Lib Dems release manifesto pledge costs – including £450m for free school meals (which is half of Labour’s costs)

Lib Dems release manifesto pledge costs - including £450m for free school meals (which is half of Labour's costs)

The Liberal Democrats would extend free school meals to all primary school pupils – but say it would only cost half the amount estimated by the Labour Party who also made the same pledge.

We want to give all our children a brighter future with good schools

The Lib Dems say it will cost £450 million to extend free meals to all junior school children in 2018-19, rising to £725 million in 2012-22.

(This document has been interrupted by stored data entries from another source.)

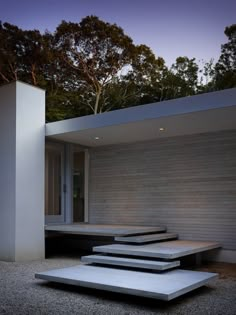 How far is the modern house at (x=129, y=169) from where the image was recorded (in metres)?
6.92

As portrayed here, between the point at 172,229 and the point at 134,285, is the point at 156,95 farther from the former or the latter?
the point at 134,285

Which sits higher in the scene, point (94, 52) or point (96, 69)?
point (94, 52)

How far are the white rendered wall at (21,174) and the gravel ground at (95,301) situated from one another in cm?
165

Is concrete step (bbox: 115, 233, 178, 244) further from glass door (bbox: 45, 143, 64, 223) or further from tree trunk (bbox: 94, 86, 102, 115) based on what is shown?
tree trunk (bbox: 94, 86, 102, 115)

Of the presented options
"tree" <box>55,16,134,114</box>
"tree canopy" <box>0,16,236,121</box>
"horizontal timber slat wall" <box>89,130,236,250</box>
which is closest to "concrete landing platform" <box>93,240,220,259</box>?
"horizontal timber slat wall" <box>89,130,236,250</box>

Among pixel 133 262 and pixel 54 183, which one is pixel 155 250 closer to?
pixel 133 262

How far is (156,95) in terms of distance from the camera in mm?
16562

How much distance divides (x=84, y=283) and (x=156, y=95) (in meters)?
13.0

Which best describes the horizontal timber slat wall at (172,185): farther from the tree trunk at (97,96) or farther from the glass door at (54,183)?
the tree trunk at (97,96)

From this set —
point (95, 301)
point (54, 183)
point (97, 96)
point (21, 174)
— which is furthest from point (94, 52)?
point (95, 301)

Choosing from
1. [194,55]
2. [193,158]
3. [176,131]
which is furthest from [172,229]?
[194,55]

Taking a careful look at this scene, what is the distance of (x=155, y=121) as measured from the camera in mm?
6422

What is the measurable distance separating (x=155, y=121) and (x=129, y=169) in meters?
2.33

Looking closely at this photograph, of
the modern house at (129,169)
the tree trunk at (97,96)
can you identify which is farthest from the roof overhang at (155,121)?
the tree trunk at (97,96) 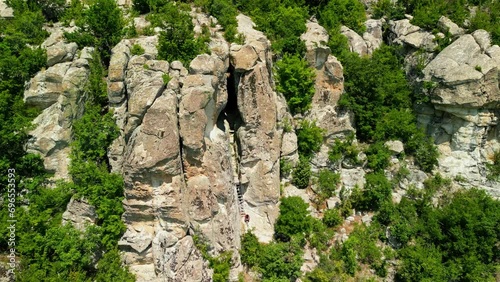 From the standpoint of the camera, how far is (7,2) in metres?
22.9

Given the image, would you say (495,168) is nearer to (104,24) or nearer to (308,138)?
(308,138)

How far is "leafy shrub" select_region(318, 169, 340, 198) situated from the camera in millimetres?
23609

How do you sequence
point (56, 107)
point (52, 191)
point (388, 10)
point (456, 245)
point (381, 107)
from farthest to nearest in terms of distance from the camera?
point (388, 10) → point (381, 107) → point (456, 245) → point (56, 107) → point (52, 191)

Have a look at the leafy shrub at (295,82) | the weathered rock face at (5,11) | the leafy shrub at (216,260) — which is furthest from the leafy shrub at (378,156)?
the weathered rock face at (5,11)

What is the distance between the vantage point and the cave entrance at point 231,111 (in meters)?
22.0

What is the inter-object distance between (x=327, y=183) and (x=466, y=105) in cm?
1027

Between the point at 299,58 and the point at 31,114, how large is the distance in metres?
15.8

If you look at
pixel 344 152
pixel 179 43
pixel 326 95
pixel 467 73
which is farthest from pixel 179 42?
pixel 467 73

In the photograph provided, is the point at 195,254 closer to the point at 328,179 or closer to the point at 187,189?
the point at 187,189

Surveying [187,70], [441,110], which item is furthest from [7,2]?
[441,110]

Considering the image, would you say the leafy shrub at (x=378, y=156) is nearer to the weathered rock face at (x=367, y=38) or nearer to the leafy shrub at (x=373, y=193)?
the leafy shrub at (x=373, y=193)

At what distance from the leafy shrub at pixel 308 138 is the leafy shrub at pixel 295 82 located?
3.55 feet

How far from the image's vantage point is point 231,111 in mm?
23516

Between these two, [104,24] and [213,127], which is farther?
[104,24]
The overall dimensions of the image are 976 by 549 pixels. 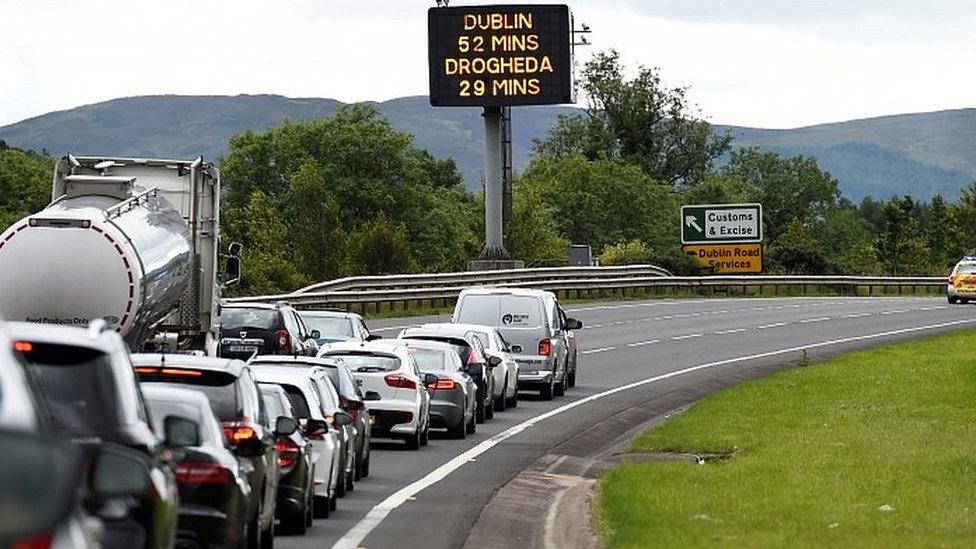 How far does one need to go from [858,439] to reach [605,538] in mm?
10050

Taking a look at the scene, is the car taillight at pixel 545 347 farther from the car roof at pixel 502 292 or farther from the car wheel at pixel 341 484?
the car wheel at pixel 341 484

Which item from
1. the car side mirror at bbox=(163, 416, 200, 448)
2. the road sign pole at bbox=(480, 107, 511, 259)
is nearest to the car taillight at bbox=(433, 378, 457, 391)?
the car side mirror at bbox=(163, 416, 200, 448)

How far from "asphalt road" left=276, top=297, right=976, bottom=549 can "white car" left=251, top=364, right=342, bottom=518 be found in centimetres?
25

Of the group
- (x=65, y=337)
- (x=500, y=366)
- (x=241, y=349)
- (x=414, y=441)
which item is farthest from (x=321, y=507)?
(x=500, y=366)

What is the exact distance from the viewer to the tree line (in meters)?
103

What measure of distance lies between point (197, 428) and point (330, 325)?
2707 centimetres

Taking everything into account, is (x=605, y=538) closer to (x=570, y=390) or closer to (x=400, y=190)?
(x=570, y=390)

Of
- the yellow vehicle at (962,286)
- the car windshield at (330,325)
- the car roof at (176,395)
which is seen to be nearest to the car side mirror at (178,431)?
the car roof at (176,395)

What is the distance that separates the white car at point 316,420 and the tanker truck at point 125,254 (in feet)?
15.9

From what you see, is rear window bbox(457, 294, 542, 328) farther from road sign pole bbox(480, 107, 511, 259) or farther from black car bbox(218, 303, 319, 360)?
road sign pole bbox(480, 107, 511, 259)

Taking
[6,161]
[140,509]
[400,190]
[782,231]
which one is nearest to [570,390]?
[140,509]

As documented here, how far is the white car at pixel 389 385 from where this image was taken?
29.7m

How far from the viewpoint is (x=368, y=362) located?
30.0m

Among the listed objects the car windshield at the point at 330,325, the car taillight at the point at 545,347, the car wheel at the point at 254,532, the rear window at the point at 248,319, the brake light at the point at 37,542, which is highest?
the brake light at the point at 37,542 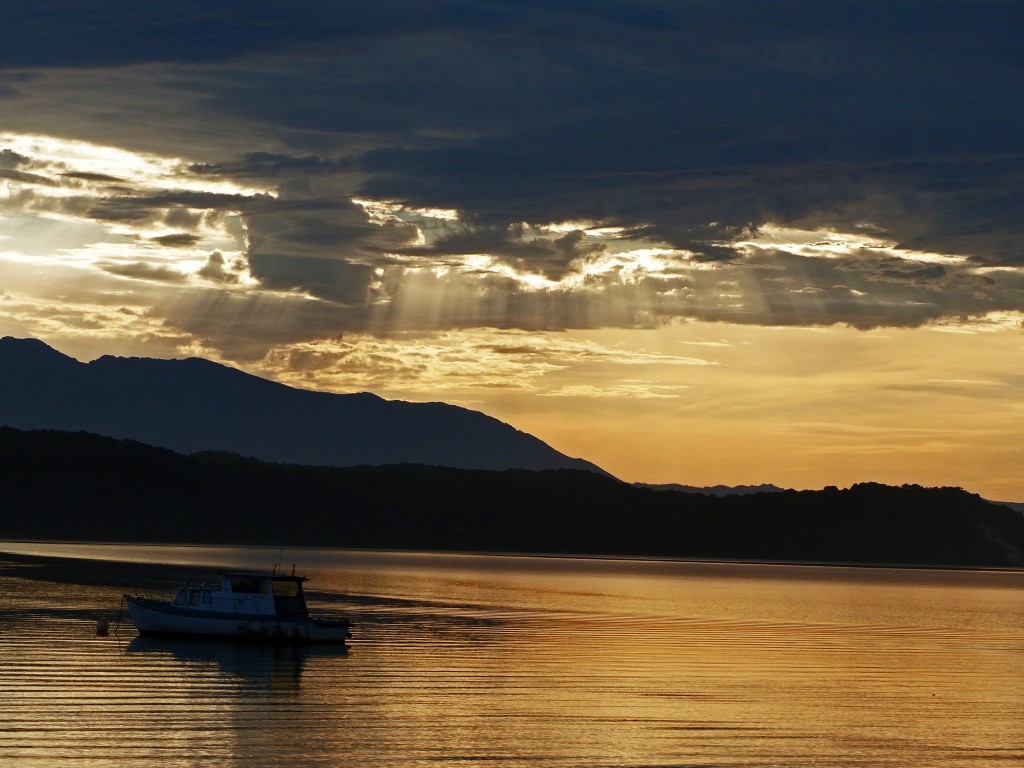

Labour says the policy will cost between £700 million and £900 million a year, paid-for by VAT charged on private school feels.

 

Both figures fall short of IFS estimates

Both parties fall short of the fund estimates from the Institute for Fiscal Studies, which claims the extension of free school meals could cost upwards of £950 million a year, with investment in kitchen facilities of around £270 million potentially needed.

The IFS has also questioned whether the policy would be as effective as other schemes, such as breakfast clubs, which the Lib Dems say they will “promote”, but not specifically fund.

The party helped establish universal free meals for infants as part of the coalition government, and the pledge was also included in its 2015 manifesto.

 

£7bn extra school and college spending

The Liberal Democrats’ latest manifesto, due for release tomorrow evening, also includes full costings for its plan to pump £7 billion of extra spending into education.

As well as £3.3 billion to protect schools’ per-pupil funding in real-terms, the party says it will spend up to £355 million a year to ensure no school loses out under the national funding formula.

It will also allocate £420 million to protect the pupil premium in real terms up to 2022 and £165 million for improved continuing professional development for teachers.

“We want to give all our children a brighter future in a fairer Britain where people are decent to each other, with good schools and hospitals, a clean environment and an innovative economy,” said leader Tim Farron.